**ABOUT THIS EXERCISE**
From the line containing "this 1280×826 image." to the last line of the listing, transcribe exactly and add nothing else; keep both ends and omit pictures.

**TASK INPUTS**
========================================

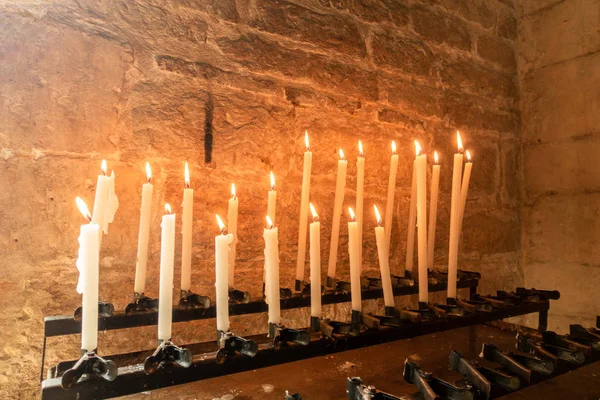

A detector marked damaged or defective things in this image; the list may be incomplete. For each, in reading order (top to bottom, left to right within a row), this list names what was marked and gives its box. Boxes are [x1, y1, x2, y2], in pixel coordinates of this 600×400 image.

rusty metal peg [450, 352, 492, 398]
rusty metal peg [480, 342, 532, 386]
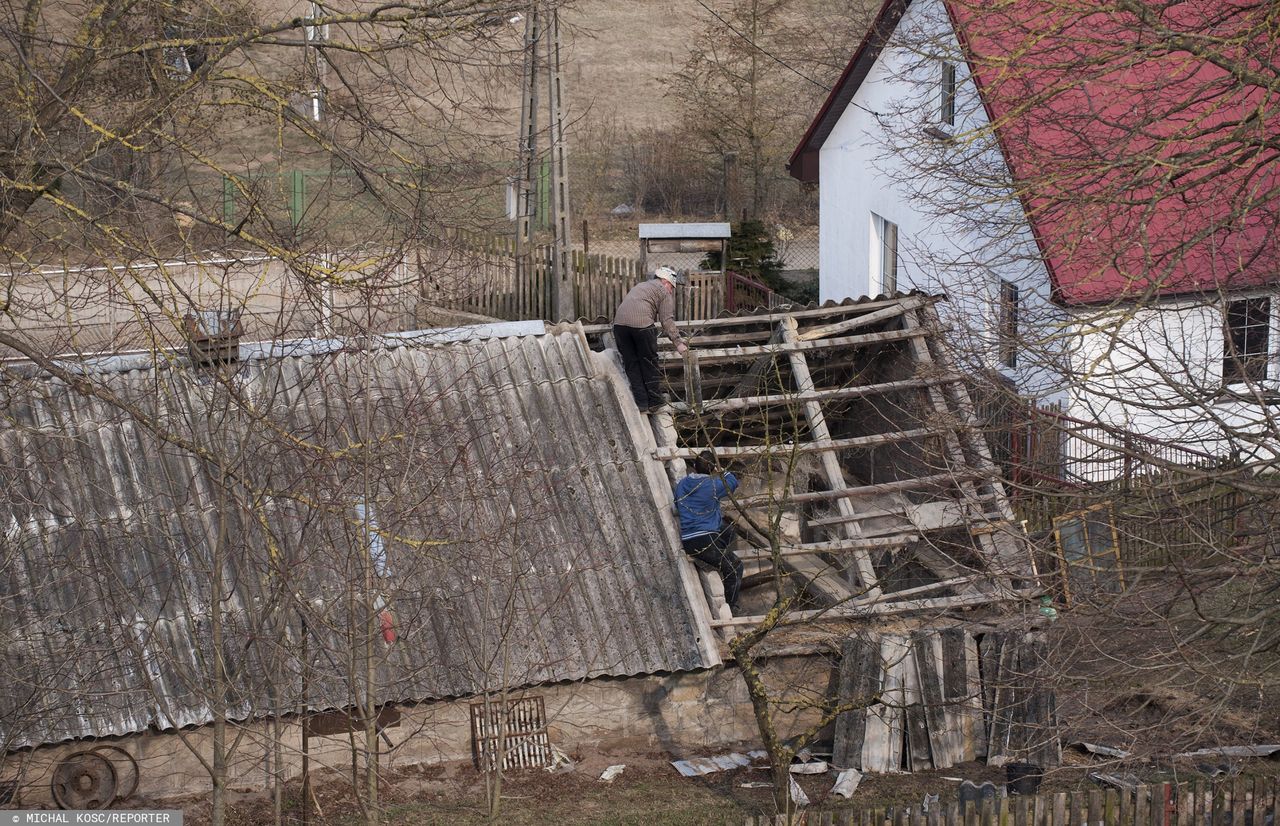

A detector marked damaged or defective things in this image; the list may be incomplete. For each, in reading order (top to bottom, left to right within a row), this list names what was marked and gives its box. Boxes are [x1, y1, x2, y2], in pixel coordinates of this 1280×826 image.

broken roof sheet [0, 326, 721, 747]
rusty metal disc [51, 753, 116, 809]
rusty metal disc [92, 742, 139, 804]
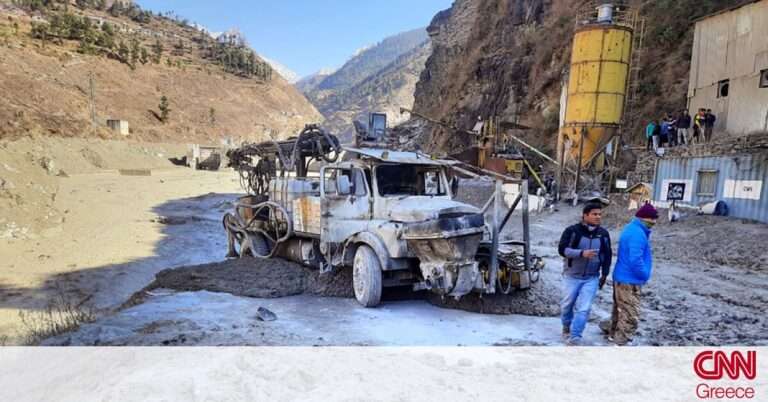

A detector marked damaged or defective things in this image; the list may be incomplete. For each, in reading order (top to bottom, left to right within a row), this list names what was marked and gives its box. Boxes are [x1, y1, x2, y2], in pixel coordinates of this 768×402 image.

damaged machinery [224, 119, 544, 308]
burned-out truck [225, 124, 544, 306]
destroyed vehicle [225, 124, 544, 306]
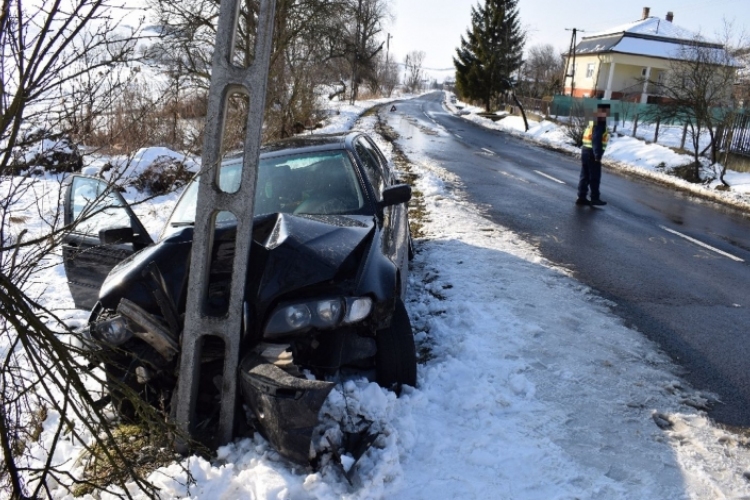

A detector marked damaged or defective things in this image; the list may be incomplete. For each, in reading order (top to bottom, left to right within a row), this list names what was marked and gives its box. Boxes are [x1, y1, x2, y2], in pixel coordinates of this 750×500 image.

========================================

**EXPECTED OUTPUT**
A detector marked damaged or defective things in this image; the list may be incomplete. For each, in reading order (top to bottom, left to right within a row), this list names what was marked and gives its box. Boxes are [x1, y1, x2, y2], in pixel coordinates of this 1280×826 image.

broken roof sheet [0, 326, 721, 747]
rusty metal disc [51, 753, 116, 809]
rusty metal disc [92, 742, 139, 804]

A detector marked damaged or defective things in this image; the list may be incomplete. For each, in reading order (top to bottom, left to right within a row), this list names what was marked and gives its box. Boxes are [x1, y1, x2, y2], in pixel coordinates of this 768×402 image.

damaged machinery [224, 119, 544, 308]
burned-out truck [225, 124, 544, 306]
destroyed vehicle [225, 124, 544, 306]

A detector marked damaged or defective things in this image; the list may be incomplete. For each, in reading order (top to bottom, left to right within a row), this list names what was marked and gives its box. Boxes are [x1, y1, x2, y2], in pixel coordinates of this 750×500 image.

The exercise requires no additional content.